[ale] The perpetual question: best current HDD?

Wed Jan 9 23:30:59 EST 2013

On Wed, Jan 9, 2013 at 11:33 AM, Derek Atkins <warlord at mit.edu> wrote:
> "Ron Frazier (ALE)" <atllinuxenthinfo at techstarship.com> writes:
>
>> Kinda like asking what's the best car.
>>
>> Anyway, I've always liked Seagate.  Still look for 5 yr warranties.  They're getting harder to find but some are still out there.  Blast the new drives before putting them into service with a SpinRite Level 4 test several times or a badblocks DESTRUCTIVE write test several times.  Each cycle through badblocks writes then reads 0000, 1010, 0101, 1111.  Each cycle takes about 3 days on a 1 TB drive.  I'd run at least 2 cycles.  More or less comparable SpinRite activity would be 6 - 8 repeats through the entire drive.  SpinRite is non destructive.  Note that the badblocks NONDESTRUCTIVE read write test can be run with data on the drive.  In this case, badblocks reads the data, writes a random value, reads it, then rewrites the original data, which is Similar to what SpinRite does.  If using badblocks NONDESTRUCTIVE read write test, I would run 6 - 8 passes.
>
> Yep, I always run "badlocks -w" on my drives prior to putting them in
> service.  I've also modified unraid's preclear_disk to also work hard on
> the disk and I use that, too.
>
>> Based on other discussions here, I would recommend doing background
>> data scrubbing on the RAID array to force each drive to read every
>> sector once or twice a year.  Read / write testing is even better.
>> You can manually do this a couple of times per year with Spinrite or
>> Badblocks.  Routine file systems checks are a good idea too.
>
> Fedora has a background cron job to do this:
> /etc/cron.weekly/99-raid-check
> You just need to enable /etc/sysconfig/raid-check
>
> Of course I only just now checked my mismatch_cnt's on my md devices and
> see:
>
> [root at vmhost ~]# cat /sys/block/md*/md/mismatch_cnt
> 128
> 195200
> 4224
> 139392
>
> ....  So not sure what to do now :-/
> They are each RAID-1 devices, combined into RAID-10 using LVM.

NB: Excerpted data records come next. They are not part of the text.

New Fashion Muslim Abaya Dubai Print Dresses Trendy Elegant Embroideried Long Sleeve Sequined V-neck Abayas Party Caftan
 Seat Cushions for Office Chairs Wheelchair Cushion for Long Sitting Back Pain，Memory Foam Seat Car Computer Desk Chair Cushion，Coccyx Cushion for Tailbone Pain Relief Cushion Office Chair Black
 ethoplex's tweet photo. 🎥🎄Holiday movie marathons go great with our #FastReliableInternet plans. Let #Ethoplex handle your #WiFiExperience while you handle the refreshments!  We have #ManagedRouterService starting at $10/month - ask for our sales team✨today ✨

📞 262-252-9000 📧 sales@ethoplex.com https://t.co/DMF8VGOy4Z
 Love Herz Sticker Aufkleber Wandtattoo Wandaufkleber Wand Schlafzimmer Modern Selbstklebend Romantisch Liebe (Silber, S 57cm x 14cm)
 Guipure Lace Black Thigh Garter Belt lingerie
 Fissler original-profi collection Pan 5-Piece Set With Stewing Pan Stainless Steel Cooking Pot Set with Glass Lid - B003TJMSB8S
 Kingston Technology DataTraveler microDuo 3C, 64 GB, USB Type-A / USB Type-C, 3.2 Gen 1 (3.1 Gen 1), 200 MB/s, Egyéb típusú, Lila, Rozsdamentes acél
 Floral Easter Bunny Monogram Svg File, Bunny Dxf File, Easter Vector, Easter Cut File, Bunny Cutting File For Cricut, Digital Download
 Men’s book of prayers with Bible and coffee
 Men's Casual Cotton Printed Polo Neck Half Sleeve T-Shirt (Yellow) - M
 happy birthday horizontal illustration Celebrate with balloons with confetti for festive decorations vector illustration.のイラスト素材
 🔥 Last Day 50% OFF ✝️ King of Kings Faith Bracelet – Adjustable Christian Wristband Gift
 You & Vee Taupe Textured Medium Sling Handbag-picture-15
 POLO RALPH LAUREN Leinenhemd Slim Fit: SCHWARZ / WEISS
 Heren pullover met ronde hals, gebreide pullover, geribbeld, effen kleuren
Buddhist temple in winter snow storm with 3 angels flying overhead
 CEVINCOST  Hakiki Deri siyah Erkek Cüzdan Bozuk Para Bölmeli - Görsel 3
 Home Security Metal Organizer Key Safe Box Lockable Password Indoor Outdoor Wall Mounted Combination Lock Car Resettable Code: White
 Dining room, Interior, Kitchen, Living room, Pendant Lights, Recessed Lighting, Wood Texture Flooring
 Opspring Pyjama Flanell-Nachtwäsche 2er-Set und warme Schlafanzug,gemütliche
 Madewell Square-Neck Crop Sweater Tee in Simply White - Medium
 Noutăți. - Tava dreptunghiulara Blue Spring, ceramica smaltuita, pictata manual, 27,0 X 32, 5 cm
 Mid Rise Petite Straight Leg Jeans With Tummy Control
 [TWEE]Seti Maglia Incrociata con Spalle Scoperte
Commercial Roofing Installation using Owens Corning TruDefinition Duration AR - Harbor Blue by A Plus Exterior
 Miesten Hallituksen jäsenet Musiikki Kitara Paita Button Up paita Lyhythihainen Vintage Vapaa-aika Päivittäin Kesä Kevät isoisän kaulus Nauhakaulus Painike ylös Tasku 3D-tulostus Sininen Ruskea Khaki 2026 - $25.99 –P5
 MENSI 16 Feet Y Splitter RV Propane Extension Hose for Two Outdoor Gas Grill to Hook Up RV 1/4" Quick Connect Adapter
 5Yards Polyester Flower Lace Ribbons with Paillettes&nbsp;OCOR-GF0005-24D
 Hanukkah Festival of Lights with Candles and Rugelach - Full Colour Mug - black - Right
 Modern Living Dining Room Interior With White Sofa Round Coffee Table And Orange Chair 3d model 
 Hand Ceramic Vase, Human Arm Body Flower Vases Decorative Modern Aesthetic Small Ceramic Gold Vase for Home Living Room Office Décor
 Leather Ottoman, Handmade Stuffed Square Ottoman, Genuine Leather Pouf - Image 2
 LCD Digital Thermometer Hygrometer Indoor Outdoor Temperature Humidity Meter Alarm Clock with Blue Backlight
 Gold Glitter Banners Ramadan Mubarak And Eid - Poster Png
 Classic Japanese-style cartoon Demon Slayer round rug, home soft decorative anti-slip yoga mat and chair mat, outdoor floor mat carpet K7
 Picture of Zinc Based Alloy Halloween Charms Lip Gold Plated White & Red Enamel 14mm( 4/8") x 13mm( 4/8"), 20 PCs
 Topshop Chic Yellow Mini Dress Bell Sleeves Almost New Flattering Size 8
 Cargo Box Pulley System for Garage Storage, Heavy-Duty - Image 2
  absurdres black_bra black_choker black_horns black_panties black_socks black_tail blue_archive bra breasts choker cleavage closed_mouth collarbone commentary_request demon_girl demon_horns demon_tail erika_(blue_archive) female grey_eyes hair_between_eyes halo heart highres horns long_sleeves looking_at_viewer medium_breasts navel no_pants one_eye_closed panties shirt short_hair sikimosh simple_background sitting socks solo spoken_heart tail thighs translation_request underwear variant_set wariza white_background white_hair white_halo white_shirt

There is a potential issue with raid check, at least on the older
ones.  They are basically useless for any type of mirrored raid,
except for finding out if it's bad.  The problem is that when you have
2 disks that are mirrored, and the data on them doesn't match, which
one wins?  There's no way to know.  RAID5 can use its parity info to
figure it out an rebuild, but you can't do this with a simple mirror.

By the time you find out you have this kind of bad block, it's too
late.  So something like badblocks doing a full surface scan and
smartd to warn you about relocated sectors can help you avoid getting
to that point.

>> I would also recommend using gsmartcontrol to turn on all the smart
>> monitoring that is available on the drive.  Check that all the smart
>> stats are good before putting it on line, after stress testing it,
>> particularly reallocated sectors.  Set up a way to monitor the smart
>> parameters on an ongoing basis and receive alarms if they get out of
>> line.  It wouldn't be a bad idea to monitor temperature too.  Drives
>> cannot take as much heat as CPU's in general.  I think they start
>> getting unhappy around 50 deg C.
>
> Yeah, I have smartd turned on for all the drives and set to email me on
> major issues.  They run a short test every night, and a long test every
> week.  And of course logwatch sends out interesting stuff every night,
> too.
>
> -derek

❧ Brian Mathis